College of Science & Engineering

Development of a Semi-Automatic Tool for Coronary Artery Plaque Segmentation and Classification from OCT Images

Supervisor: Dr Sathish Kumar Marimuthu

School: Engineering

Description:

Coronary arteries are the blood vessels that supply blood to the heart muscle. They can become narrowed by plaque, reducing blood flow and potentially leading to heart attacks. Optical Coherence Tomography (OCT) is an intravascular imaging technique in which a catheter is inserted into diseased coronary arteries to obtain high-resolution images of the vessel wall. OCT images provide interventional cardiologists with information about the degree of narrowing and the type of plaque present. Based on this information, cardiologists decide the type and size of stent to implant to restore blood flow. In our research, we use OCT derived 3D coronary artery geometries to simulate percutaneous coronary intervention (PCI) procedures, with the long-term aim of improving treatment planning and procedure optimisation.
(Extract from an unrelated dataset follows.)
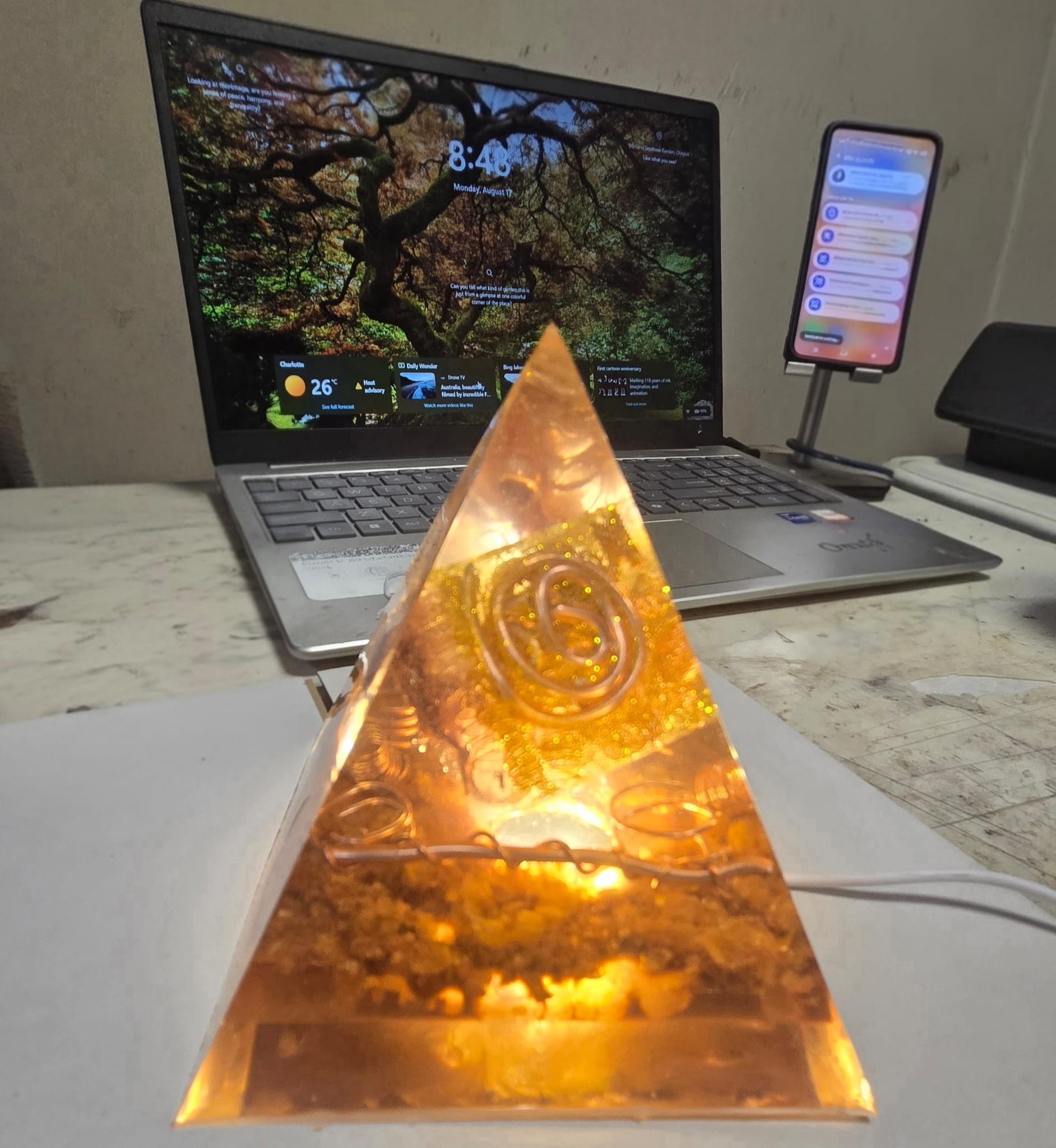 Sacred Light Orgonite Golden Amber Activation Pyramid illuminated with warm amber light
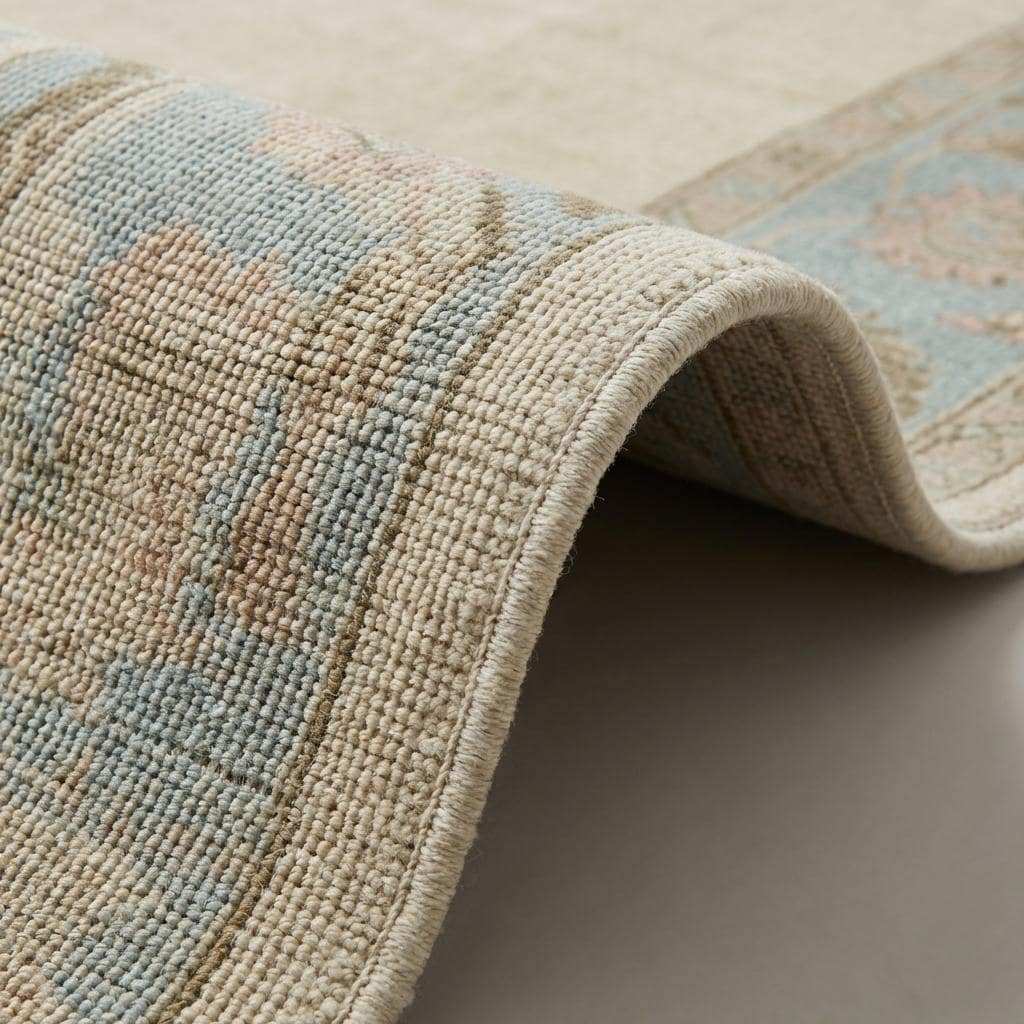 Close-up of dense hand-knotted wool pile showing individual knots, soft natural fibers, and subtle tonal variation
This summer project will develop tools to extend an existing OCT image segmentation workflow. The current code can segment the lumen boundary (innermost layer of the blood vessel) from OCT data, but further development is needed to identify additional vessel-wall features, including plaque constituents and the external elastic lamina. The student will work towards developing a semi-automatic image analysis tool for coronary plaque segmentation and classification, producing outputs that can support future patient specific PCI simulations. This will help address an important challenge in patient-specific PCI modelling, as each patient has a unique coronary anatomy and degree of stenosis. These differences affect how a stent expands inside the diseased artery and may influence the risk of restenosis or future reintervention.

The student will test image-processing methods such as filtering, edge detection, boundary detection, and segmentation overlays on selected OCT frames. The project will be designed with staged deliverables so that useful progress can be made within the 8 -10 week internship, even if fully automated segmentation is not achieved.